The stores all used similar tactics to drive traffic and customer loyalty and there was many different options for getting your content promoted, seen and sold. Everyone made good money and customers (believe it or not) were generally quite happy paying $3-$5 for games on their smartphones.

Then the OEMs (namely Apple) launched their stores. Ultimately one could argue that the success and $2+ billion in revenue Apple is making from the App Store is proof that they are doing everything right — and to a degree they are. But the App Store is not designed to maximize profit on the content sold through the App Store. The App Store is an additional revenue stream that, while profitable, supports the main revenue stream (i.e. hardware sales) for Apple. The same applies to other OEMs however Apple’s sizable lead results in everyone else pretty much following what they do on their store.

Why do I say that Apple’s App Store is not setup to maximize revenue? Look at the games and apps that you see when you load up the store on your mobile device. The vast majority are on the low-end of the price scale (usually free, $0.99 or $1.99) and rankings are generally based on volume (excepting the Top Grossing list). Lower prices basically guarantee higher volumes … but not necessarily higher overall sales. Is the visibility advantage of the low-end price points causing people who would pay more for good content, to not even see that the good content exists?

To maximize revenues, and allow for some higher priced premium content to stand out, store should be adding a “Top Premium” (or equivalently named) tab to their interfaces to expose some of the great content that is created and sold above the lower price points. Will the volumes be lower on these titles? Of course. But with proper positioning and marketing, these higher priced titles could actually generate more revenue overall for the storefront.

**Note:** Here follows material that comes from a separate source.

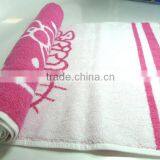China Factory 100 Cotton Sport Towel thumbnail-5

The addition of Top Grossing was a significant positive change for Apple to make, but it’s just a first step. Now that the App Store is entrenched in people’s minds as the place to go for content, quality content at a premium price point needs to get better visibility and the average price of the content need to start going up again, or some of the amazing technology demos you see on mobile will never make it into commercial products due to the high cost of development. Let’s start putting more pressure on the market leading mobile stores to help the content providers who are adding the value to the OEM’s offerings. After all, a great device only gets you so far, it’s what you can do with it that really counts.